Drawing on first-hand accounts from the diplomats and soldiers involved, Spector highlights the absence of meaningful policy direction from Washington DC. American policy-makers vacillated on whether and to what degree the US should intervene in the internal affairs of the various countries as they tried to work out their independence--especially so in China. The American inclination was towards peace--a peace that ensured no communist rule---a bias that created a contradiction in policy and therefore ineffective action. Similarly in Korea, General Hodge's occupation was an improvisation fraught with error that effectively prevented the possibility of Korean unification. In Malaysia, Indonesia, and especially in Vietnam, the US stood by while the European powers--led by Great Britain on behalf of itself, the Netherlands, and the French--attempted to reassert their claim to empire. The US' failure to stand up for the independence movements in each country puzzled communists and non-communist nationalists alike as this stance went directly against US declarations of support for national independence. This position would not go unpunished in the years ahead.
The second feature of the East Asian conflicts, with the partial exception of Indonesia was how prominent communist forces were in the struggles for independence. China and Vietnam's communist forces had been organized for nearly two decades by the time the Allied occupations came. This meant that the communist organizations in these countries had a well-developed political base, an institutional infrastructure, and the years of struggle against the Japanese had in turn produced a military capability to carry on the struggle against whoever else attempted to control their country. The ensuing conflicts between the re-occupying Allies and the communists would cost hundreds of thousands of lives in China, Vietnam, Korea, and Malaysia. Only in Indonesia did the communist forces play a secondary role to non-communist nationalists in the struggle for independence. Only in Malaysia did the communist insurgency die out after 15 years of counter-insurgency efforts by the British. The Vietnamese, Korean, and Chinese experiences with communism are all well known now.
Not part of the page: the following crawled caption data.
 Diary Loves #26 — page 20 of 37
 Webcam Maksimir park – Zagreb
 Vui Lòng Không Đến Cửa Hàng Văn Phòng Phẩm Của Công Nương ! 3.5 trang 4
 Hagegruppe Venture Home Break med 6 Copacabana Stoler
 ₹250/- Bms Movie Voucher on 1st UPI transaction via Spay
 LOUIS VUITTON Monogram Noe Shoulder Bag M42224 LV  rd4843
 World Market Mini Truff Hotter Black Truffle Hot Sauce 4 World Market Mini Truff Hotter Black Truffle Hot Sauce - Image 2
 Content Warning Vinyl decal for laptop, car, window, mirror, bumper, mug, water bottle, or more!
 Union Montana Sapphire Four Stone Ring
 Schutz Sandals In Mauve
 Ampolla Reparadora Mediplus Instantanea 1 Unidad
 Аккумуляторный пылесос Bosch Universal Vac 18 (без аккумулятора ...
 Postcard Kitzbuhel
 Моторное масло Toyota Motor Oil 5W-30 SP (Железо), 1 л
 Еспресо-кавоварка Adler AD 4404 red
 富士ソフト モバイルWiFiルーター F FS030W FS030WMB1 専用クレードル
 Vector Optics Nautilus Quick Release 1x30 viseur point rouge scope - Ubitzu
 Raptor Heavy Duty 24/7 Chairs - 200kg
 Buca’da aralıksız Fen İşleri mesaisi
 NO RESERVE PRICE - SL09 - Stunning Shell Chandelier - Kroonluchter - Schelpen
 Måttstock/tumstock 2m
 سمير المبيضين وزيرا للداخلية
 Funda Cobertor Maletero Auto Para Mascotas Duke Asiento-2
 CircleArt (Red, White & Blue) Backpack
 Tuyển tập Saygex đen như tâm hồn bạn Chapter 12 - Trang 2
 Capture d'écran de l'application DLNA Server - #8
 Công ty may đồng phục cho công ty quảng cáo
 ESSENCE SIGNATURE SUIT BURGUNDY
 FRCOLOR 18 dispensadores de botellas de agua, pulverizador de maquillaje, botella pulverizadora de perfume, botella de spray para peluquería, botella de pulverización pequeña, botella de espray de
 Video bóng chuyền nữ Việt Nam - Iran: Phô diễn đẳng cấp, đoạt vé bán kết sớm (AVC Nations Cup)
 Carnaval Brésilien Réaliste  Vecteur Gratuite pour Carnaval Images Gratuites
Ultimately, Ruins is a cautionary tale about the powerful motivations of culture and nationality in resisting control by foreign powers. Failure to understand these motivations and the consistent underestimation of local guerilla forces to draw on these motivations in their search for power led directly to communist tyranny in three East Asian countries in less than 10 years after the Japanese surrender. Spector advises us to learn from these lessons as we face a potent radical Islamic guerilla force through the world and adjust our response accordingly.